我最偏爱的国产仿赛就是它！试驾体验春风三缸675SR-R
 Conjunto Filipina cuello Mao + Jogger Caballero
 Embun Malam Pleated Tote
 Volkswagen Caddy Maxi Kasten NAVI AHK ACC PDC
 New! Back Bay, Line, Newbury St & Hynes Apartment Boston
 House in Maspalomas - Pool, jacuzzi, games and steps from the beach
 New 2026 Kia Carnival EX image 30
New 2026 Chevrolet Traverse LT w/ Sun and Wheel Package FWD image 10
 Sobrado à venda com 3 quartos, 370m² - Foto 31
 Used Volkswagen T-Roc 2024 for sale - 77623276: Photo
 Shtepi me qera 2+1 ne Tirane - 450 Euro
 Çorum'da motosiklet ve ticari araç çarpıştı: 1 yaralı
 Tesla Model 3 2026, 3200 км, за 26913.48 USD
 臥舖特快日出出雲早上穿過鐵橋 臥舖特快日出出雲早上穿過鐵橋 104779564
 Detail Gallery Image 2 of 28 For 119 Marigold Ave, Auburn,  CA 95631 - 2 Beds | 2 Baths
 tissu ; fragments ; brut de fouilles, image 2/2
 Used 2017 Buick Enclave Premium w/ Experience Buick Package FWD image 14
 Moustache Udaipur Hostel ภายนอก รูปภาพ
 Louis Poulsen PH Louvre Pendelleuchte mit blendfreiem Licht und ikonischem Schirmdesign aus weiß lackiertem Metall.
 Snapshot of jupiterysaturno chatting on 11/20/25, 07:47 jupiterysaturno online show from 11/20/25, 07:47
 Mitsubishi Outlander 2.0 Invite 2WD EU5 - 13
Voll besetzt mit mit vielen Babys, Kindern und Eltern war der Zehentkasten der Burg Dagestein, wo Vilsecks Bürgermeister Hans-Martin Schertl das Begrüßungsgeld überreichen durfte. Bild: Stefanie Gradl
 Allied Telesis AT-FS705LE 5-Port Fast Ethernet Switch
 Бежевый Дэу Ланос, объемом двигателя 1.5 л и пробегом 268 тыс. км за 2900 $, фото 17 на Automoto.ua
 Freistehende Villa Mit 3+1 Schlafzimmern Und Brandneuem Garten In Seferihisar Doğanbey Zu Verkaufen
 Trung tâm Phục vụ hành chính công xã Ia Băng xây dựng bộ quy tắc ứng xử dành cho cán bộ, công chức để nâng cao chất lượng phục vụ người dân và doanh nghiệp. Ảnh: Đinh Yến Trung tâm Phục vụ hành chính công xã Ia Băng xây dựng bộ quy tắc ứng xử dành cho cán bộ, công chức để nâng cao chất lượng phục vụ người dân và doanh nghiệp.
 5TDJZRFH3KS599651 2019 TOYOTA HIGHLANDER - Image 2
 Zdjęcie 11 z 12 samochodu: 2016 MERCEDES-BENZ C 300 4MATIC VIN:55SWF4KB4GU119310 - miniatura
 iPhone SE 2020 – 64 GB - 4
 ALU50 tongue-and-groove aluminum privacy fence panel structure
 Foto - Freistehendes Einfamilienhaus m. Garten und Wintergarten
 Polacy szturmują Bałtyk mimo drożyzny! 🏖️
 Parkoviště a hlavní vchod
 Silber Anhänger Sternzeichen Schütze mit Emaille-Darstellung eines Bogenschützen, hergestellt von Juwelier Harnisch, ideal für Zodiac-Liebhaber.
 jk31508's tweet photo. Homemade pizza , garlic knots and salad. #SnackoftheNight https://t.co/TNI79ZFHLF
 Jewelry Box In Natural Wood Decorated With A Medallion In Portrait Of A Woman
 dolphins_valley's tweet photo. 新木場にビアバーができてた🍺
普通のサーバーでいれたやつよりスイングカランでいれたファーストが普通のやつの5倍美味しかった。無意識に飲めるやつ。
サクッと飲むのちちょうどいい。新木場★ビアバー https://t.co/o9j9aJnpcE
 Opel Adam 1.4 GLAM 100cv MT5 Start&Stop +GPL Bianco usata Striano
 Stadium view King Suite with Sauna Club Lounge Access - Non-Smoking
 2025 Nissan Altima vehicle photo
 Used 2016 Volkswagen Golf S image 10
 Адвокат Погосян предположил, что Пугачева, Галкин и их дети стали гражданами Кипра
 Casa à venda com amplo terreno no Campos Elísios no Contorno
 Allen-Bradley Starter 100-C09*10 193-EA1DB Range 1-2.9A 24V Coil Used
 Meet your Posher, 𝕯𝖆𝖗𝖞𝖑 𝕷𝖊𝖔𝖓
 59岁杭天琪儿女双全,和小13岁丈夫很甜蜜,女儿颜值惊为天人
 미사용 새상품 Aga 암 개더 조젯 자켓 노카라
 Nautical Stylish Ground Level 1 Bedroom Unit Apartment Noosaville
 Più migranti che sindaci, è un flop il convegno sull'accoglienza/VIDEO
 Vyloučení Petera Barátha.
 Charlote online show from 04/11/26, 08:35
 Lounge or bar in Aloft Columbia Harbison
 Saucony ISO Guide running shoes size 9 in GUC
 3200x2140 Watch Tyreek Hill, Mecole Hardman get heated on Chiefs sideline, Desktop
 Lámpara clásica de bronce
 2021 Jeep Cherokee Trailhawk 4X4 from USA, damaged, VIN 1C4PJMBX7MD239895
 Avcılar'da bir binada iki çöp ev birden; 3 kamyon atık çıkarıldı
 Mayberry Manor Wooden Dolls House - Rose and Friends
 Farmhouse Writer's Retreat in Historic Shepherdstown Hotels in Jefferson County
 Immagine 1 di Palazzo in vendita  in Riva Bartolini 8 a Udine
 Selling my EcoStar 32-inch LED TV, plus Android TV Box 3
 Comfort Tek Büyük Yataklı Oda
────────
- WHAT IS NEEDED: Note each line of the entries that has "Garten" in it, and copy those lines.

- OUTPUT OF THE EXERCISE:
 Freistehende Villa Mit 3+1 Schlafzimmern Und Brandneuem Garten In Seferihisar Doğanbey Zu Verkaufen
 Foto - Freistehendes Einfamilienhaus m. Garten und Wintergarten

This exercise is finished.